START Data to process
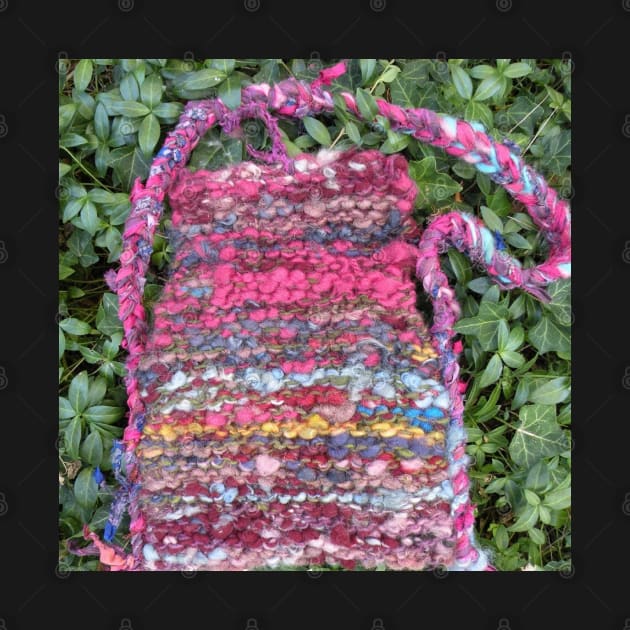 Knitter 5, Knitting Inspiration by djrunnels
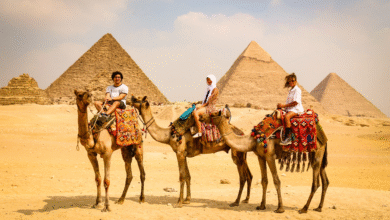The Smart Traveler’s Guide to Exploring Egypt’s Highlights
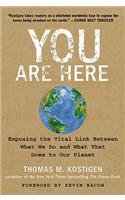 You Are Here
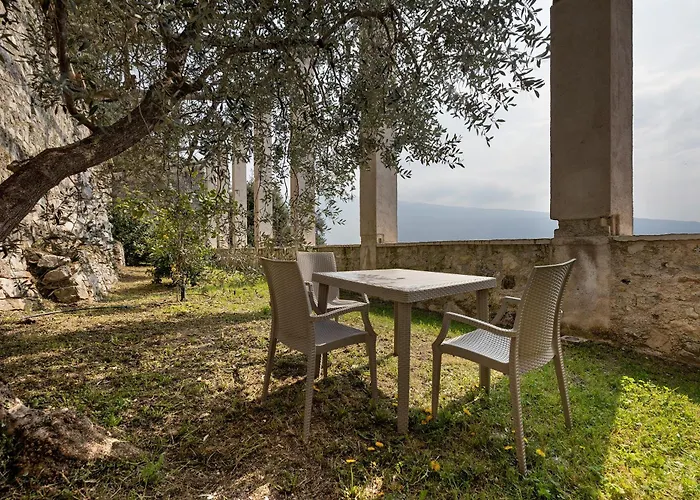 Ferienhaus Casa Limonaia Al Pos *
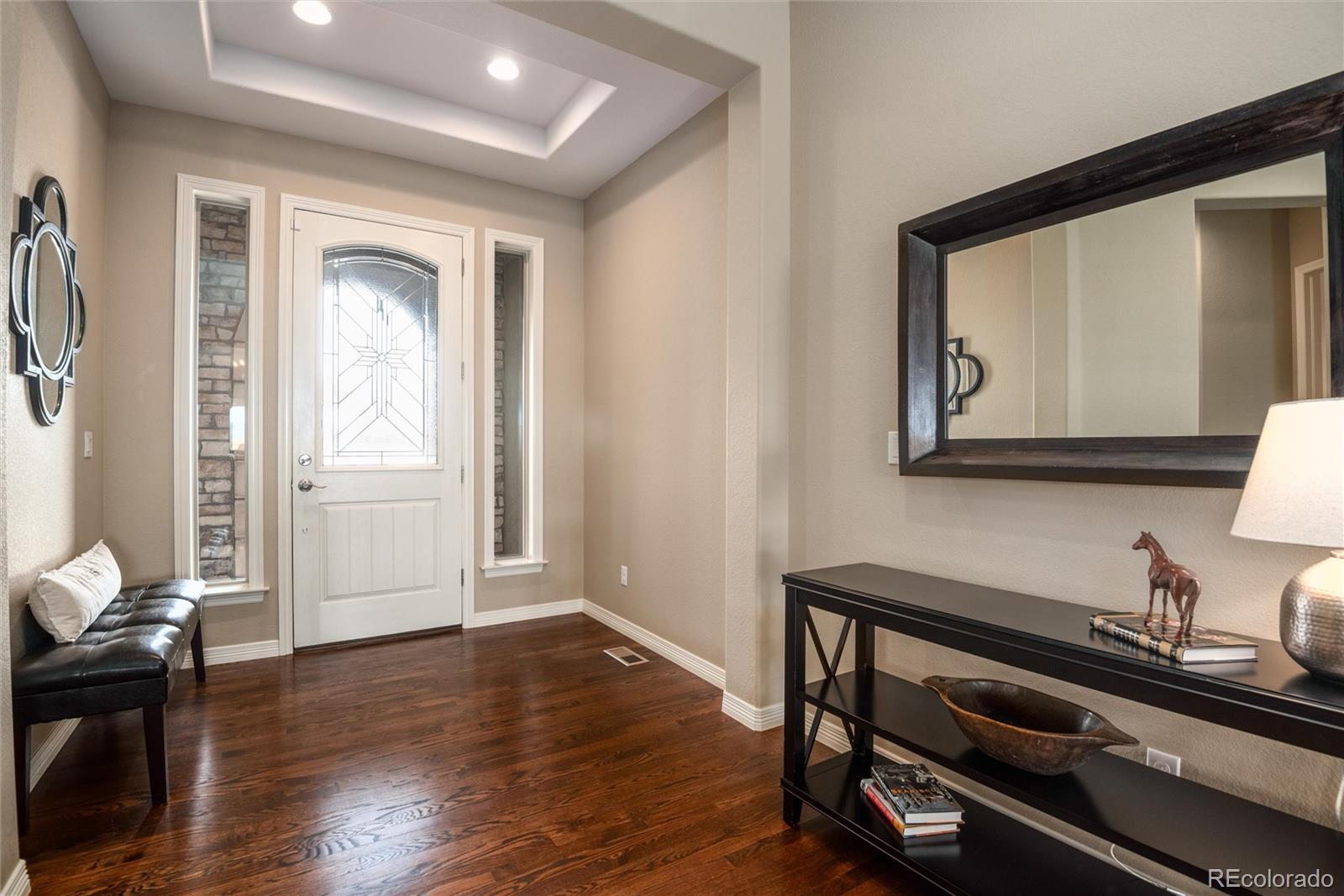 634 Hiddenbrook Court Highlands Ranch, CO 80126 - Photo 4 of 48 Gallery Image 4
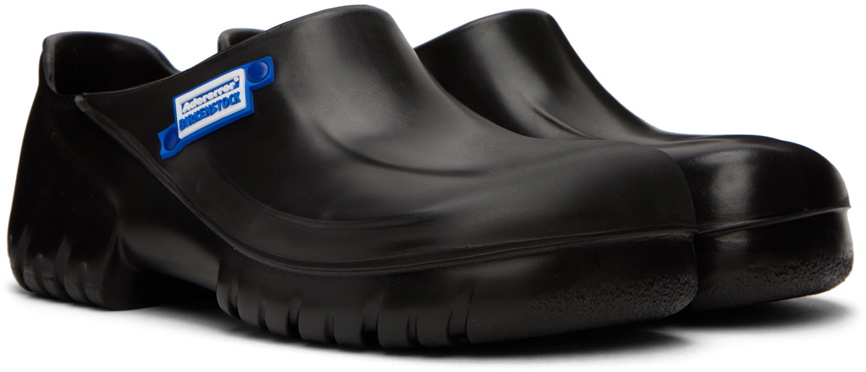 ADER error Black Birkenstock Edition A630 Clogs ADER error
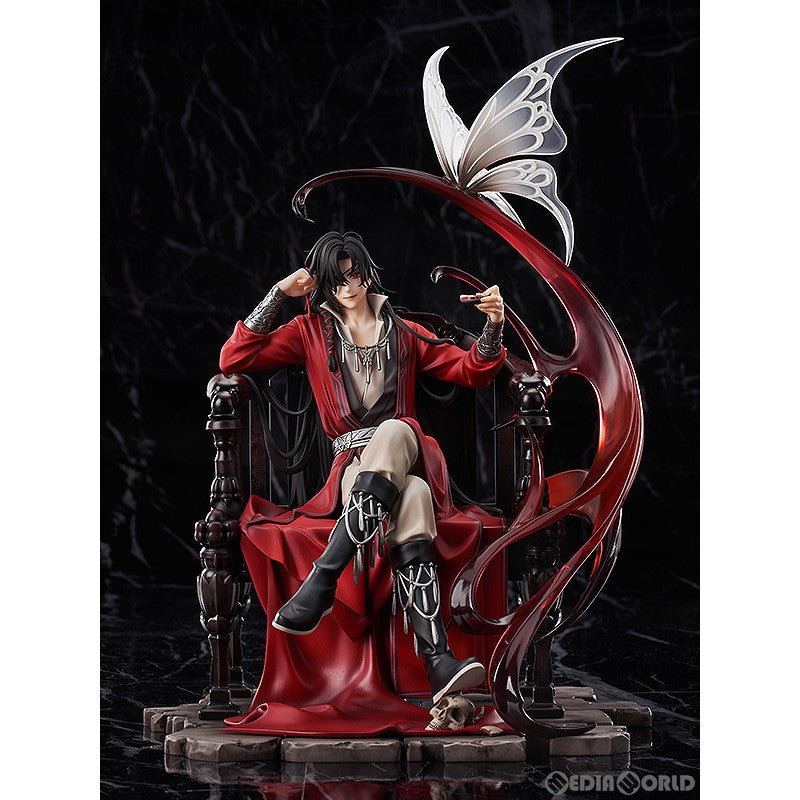 【新品即納】[FIG] 花城(ホワ・チョン) 天官賜福 1/7 完成品 フィギュア グッドスマイルアーツ上海(20240831)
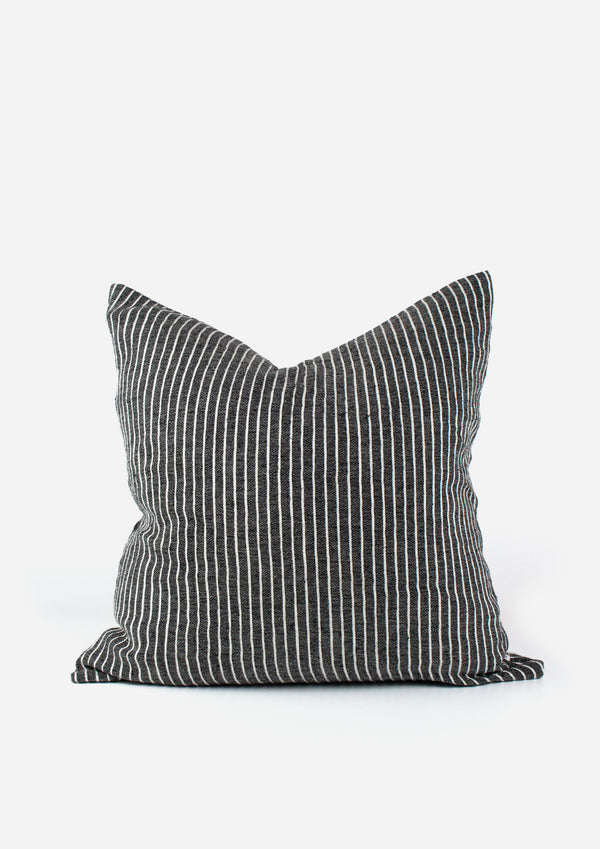 Mavis Stripe Cushion Cover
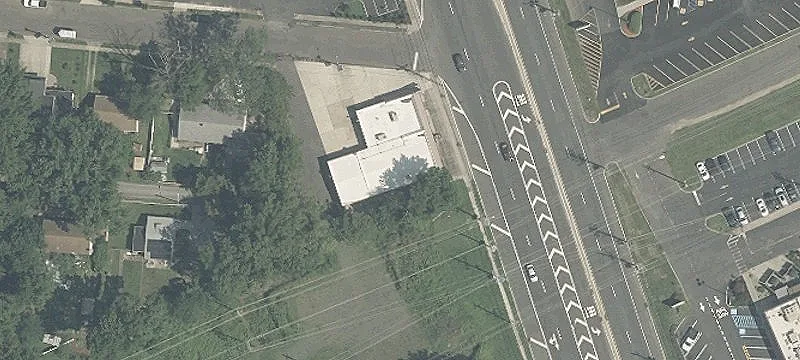 800Black Horse Pike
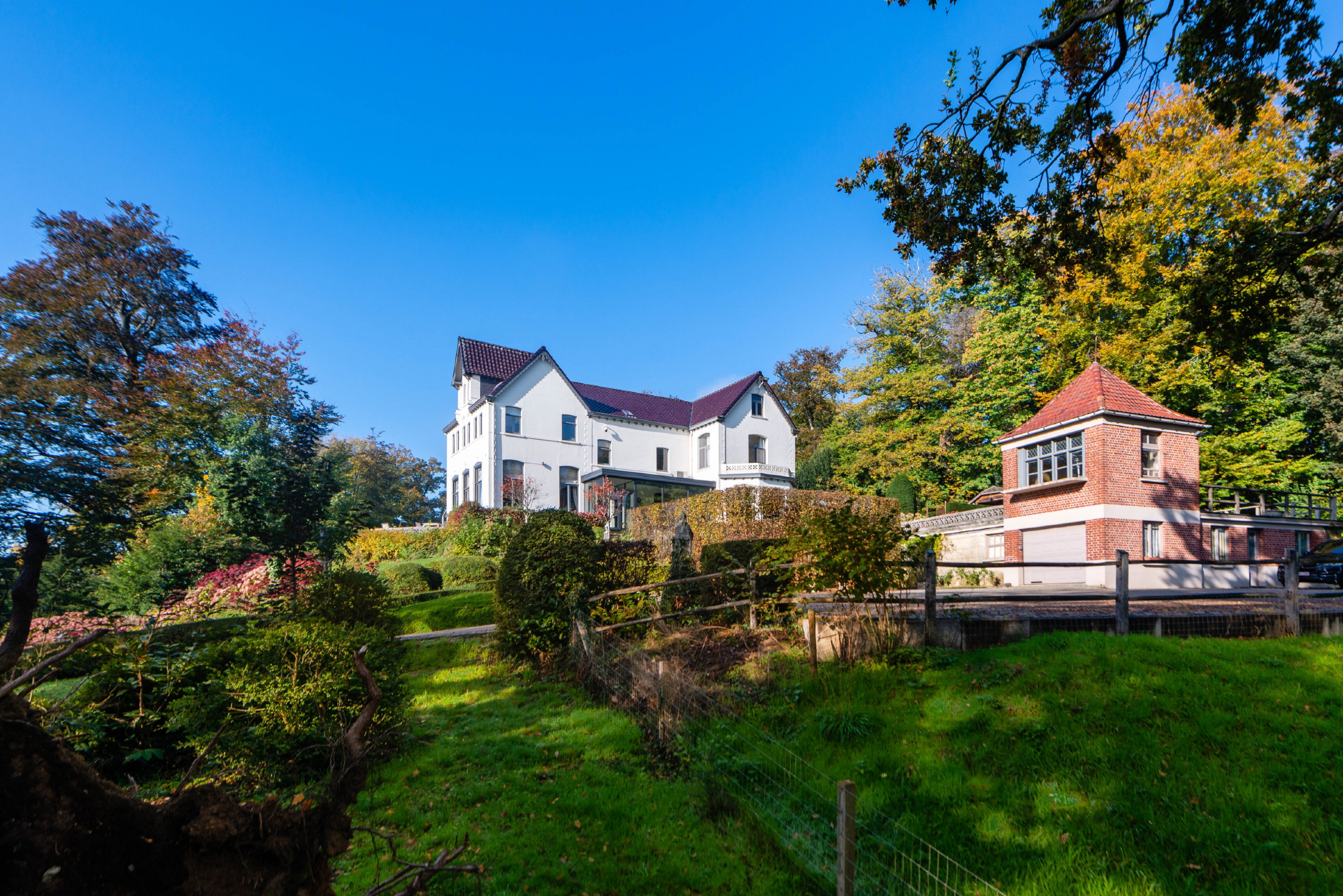 Natuurhuisje in Ronse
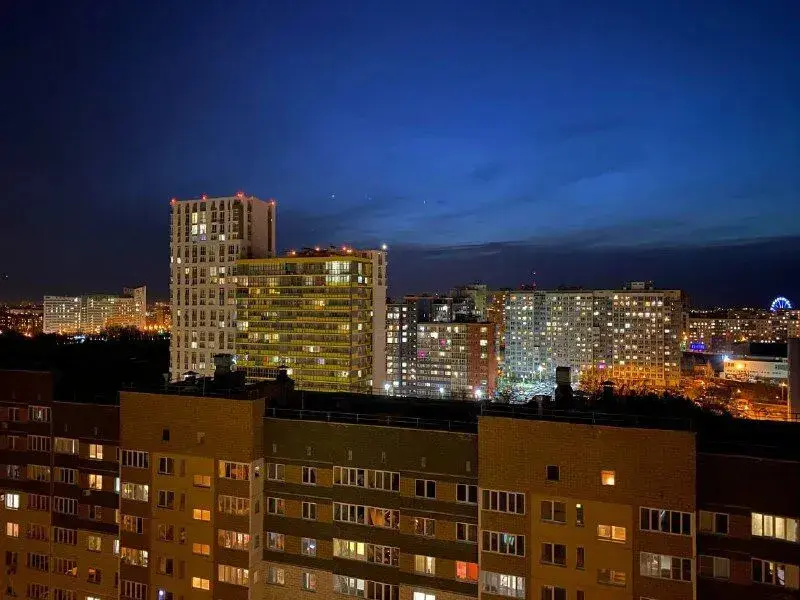 Уфа: Апартаменты Ричхотелс на б-ре Давлеткильдеева, 16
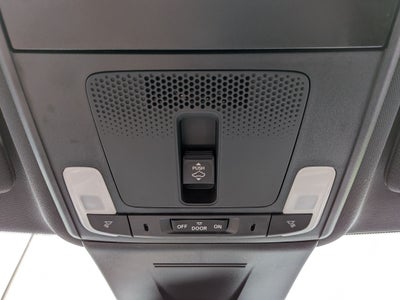2024 Acura Integra A-Spec Tech Package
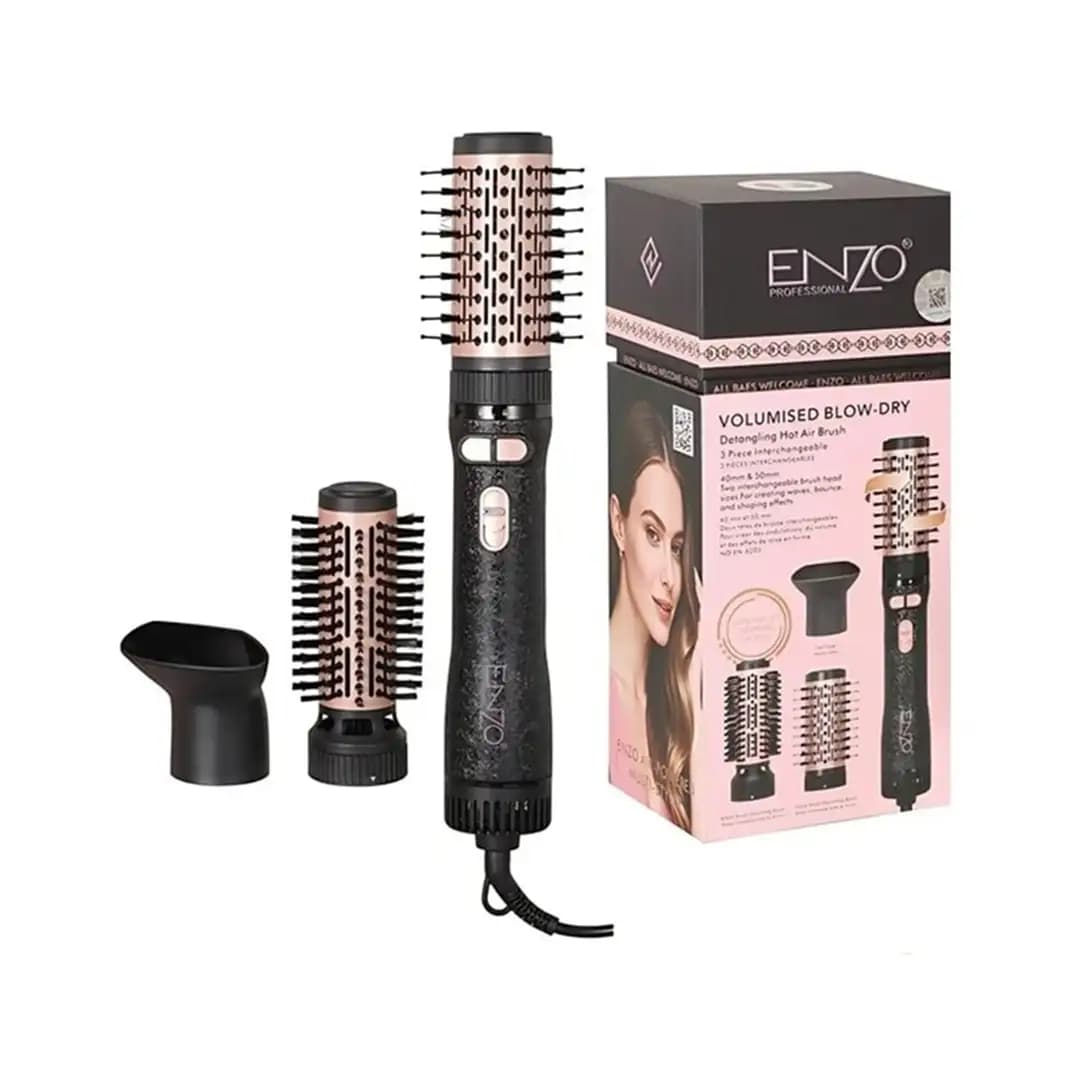 سشوار انزو پروفیشینال مدل ENZO EN-6205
END Data to process
> What the task requires
All lines from the one with "800Black Horse Pike" through the end of the records above must be reproduced exactly, both ends included, and the pictures must be left out.

> Task response
 800Black Horse Pike
 Natuurhuisje in Ronse
 Уфа: Апартаменты Ричхотелс на б-ре Давлеткильдеева, 16
2024 Acura Integra A-Spec Tech Package
 سشوار انزو پروفیشینال مدل ENZO EN-6205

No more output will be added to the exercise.